ABOUT THIS EXERCISE
Starting at the line that contains "Ahorn Camp Van (2019) Ahorn Camp Van (2019)", please transcribe every line through the end of the entries, exactly and with no pictures.

RECORDS FOR THIS TASK
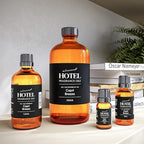 AirScent Capri Brezza Diffuser Oil No. 1100 - Volcano-Inspired Premium Fragrance Oil for Ultrasonic and Waterless Diffusers and Crafting - 120 mL, 4 fl oz Glass Bottle with Dropper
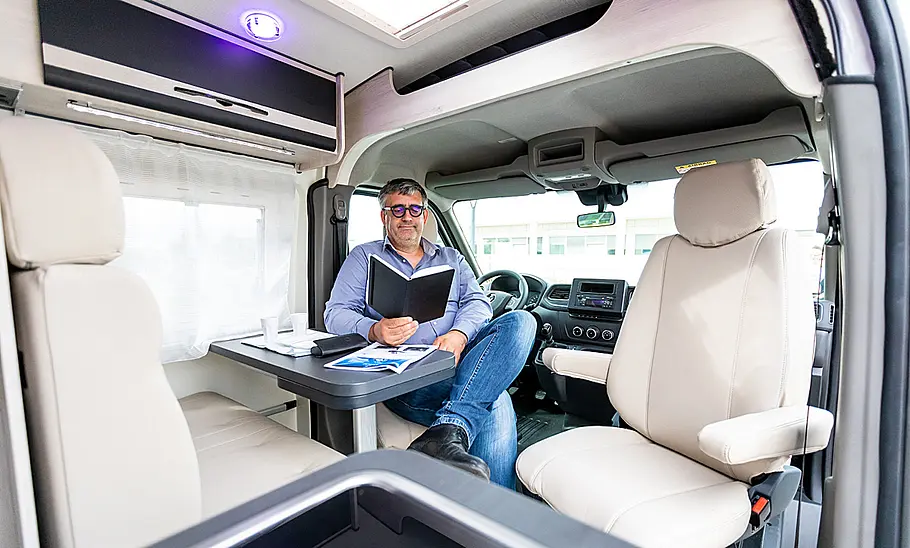 Ahorn Camp Van (2019) Ahorn Camp Van (2019)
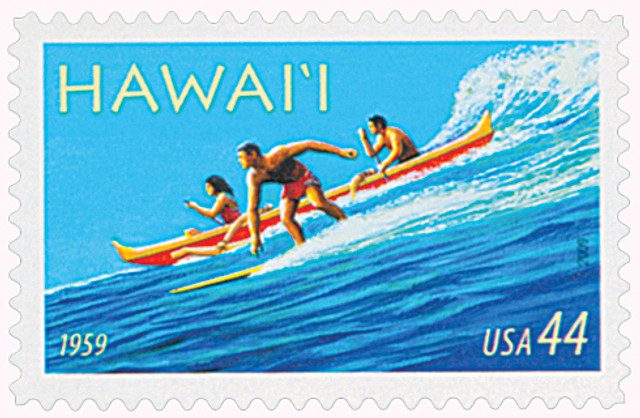 2009 44¢ Hawaii Statehood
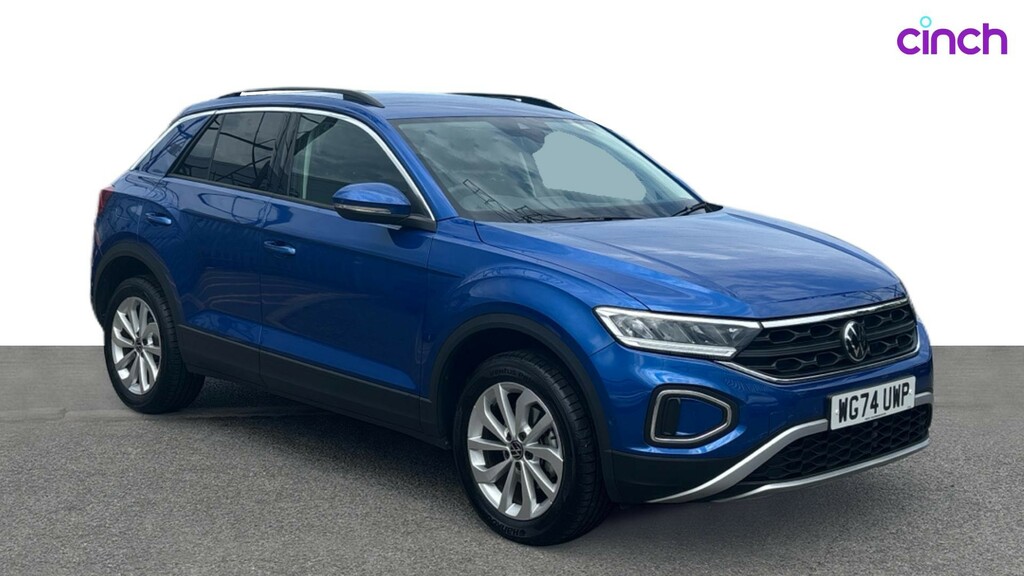 Volkswagen T-Roc Match Silver #1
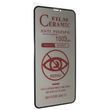 Защитное гибкое стекло для iPhone 6 | 7 | 8 | SE 2 | SE 3 : антишпион Ceramic 9D (PRIVACY) (Black)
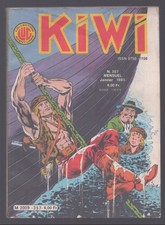 PETIT FORMAT KIWI N°357 . LUG . 1985 . BLEK LE ROC / CEDRONI .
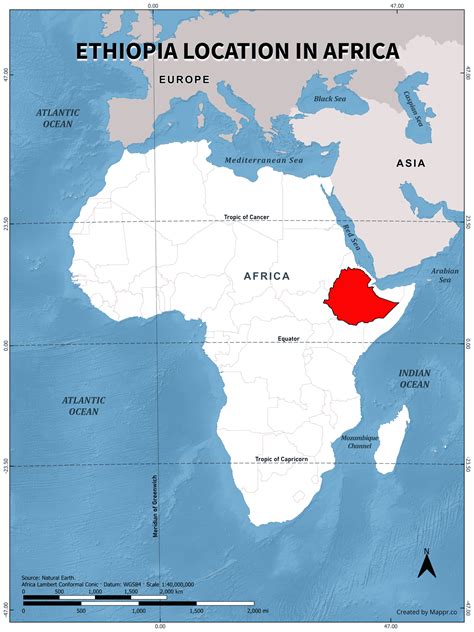 Ethiopia Maps | Mappr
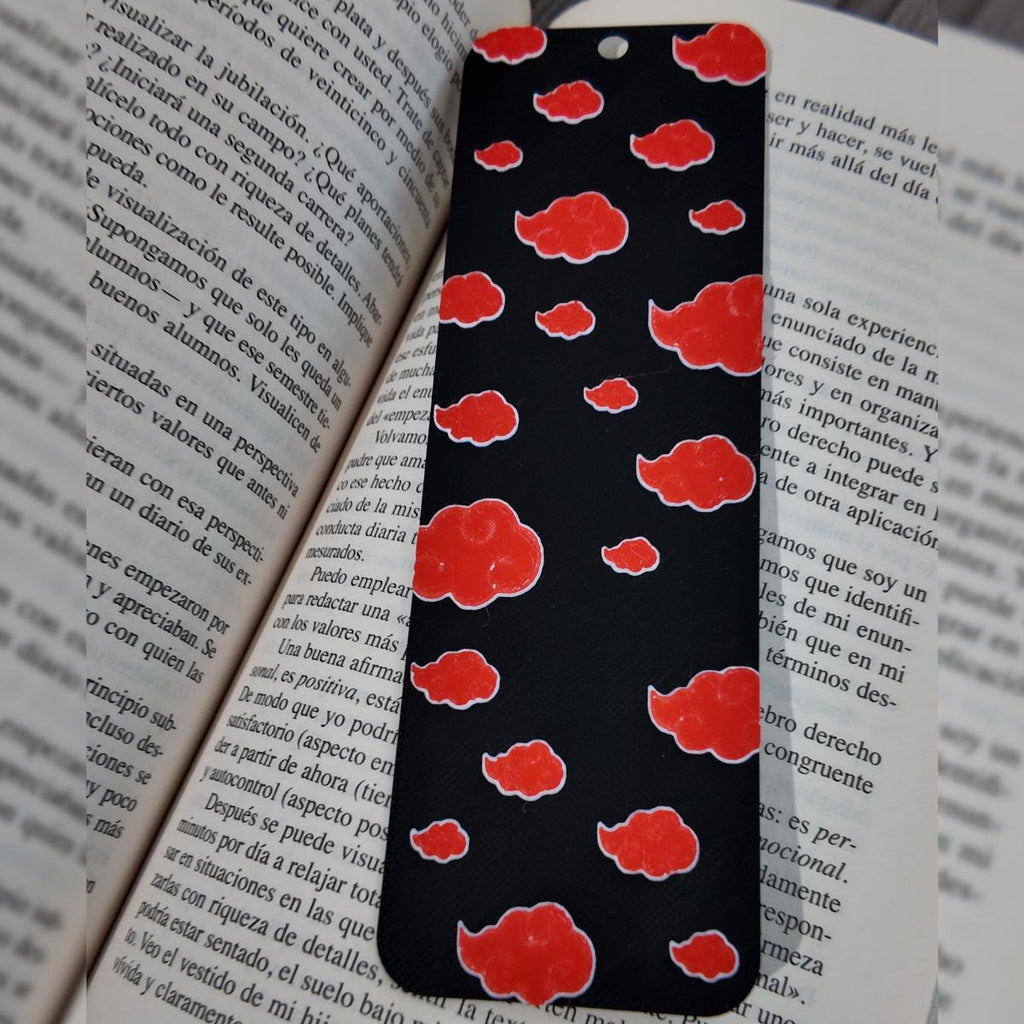 Pack 3 Separadores De Libro, Inspirados en Personajes de Anime, Naruto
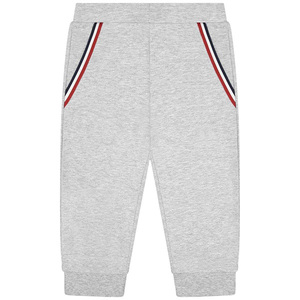 Survêtement avec fermeture à glissière pour enfants, couleur de col montant en coton/polaire à vendre - Product Image 3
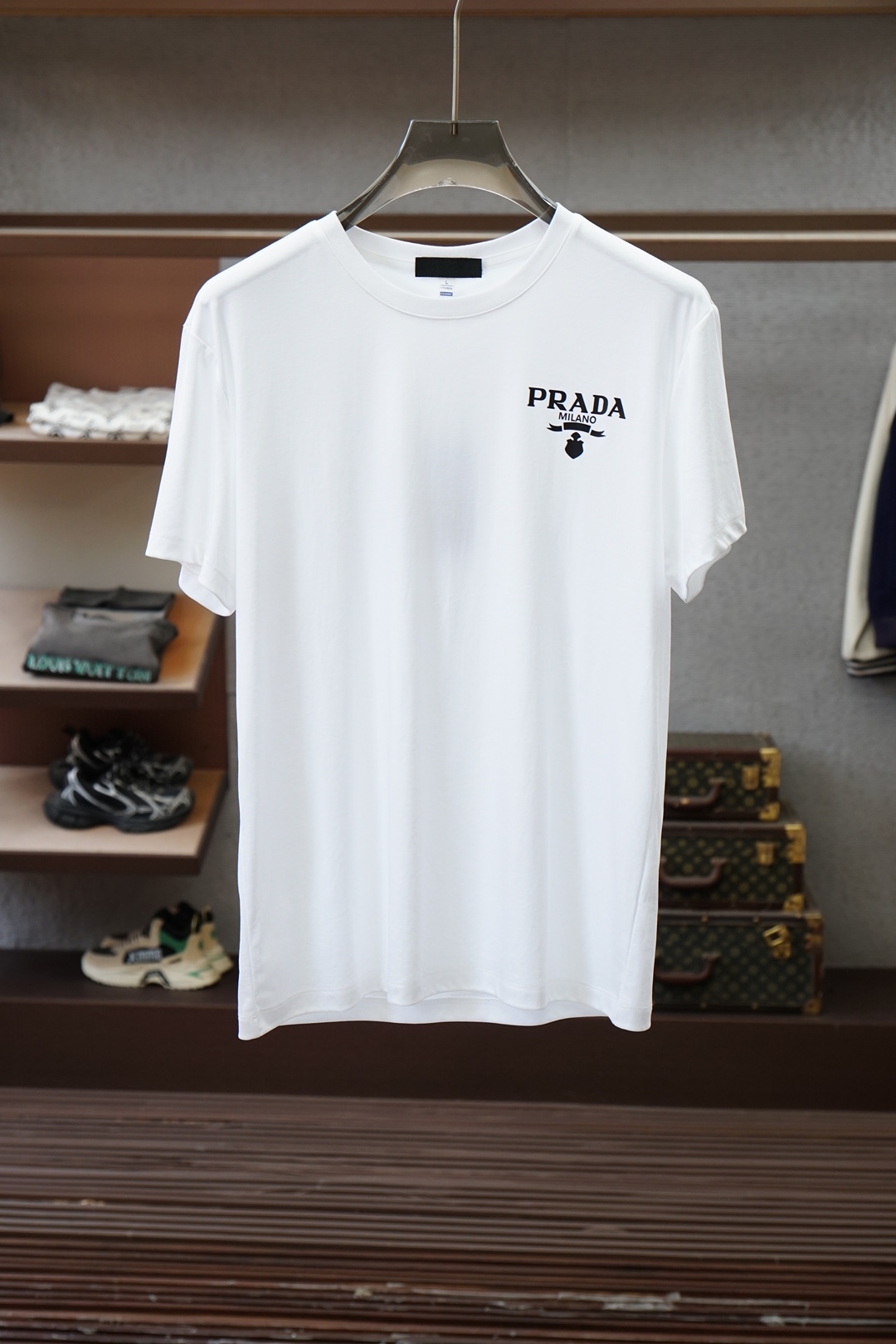 プラダ 半袖Tシャツ トップス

COMPLETED TASK
 Ahorn Camp Van (2019) Ahorn Camp Van (2019)
 2009 44¢ Hawaii Statehood
 Volkswagen T-Roc Match Silver #1
 Защитное гибкое стекло для iPhone 6 | 7 | 8 | SE 2 | SE 3 : антишпион Ceramic 9D (PRIVACY) (Black)
 PETIT FORMAT KIWI N°357 . LUG . 1985 . BLEK LE ROC / CEDRONI .
 Ethiopia Maps | Mappr
 Pack 3 Separadores De Libro, Inspirados en Personajes de Anime, Naruto
 Survêtement avec fermeture à glissière pour enfants, couleur de col montant en coton/polaire à vendre - Product Image 3
 プラダ 半袖Tシャツ トップス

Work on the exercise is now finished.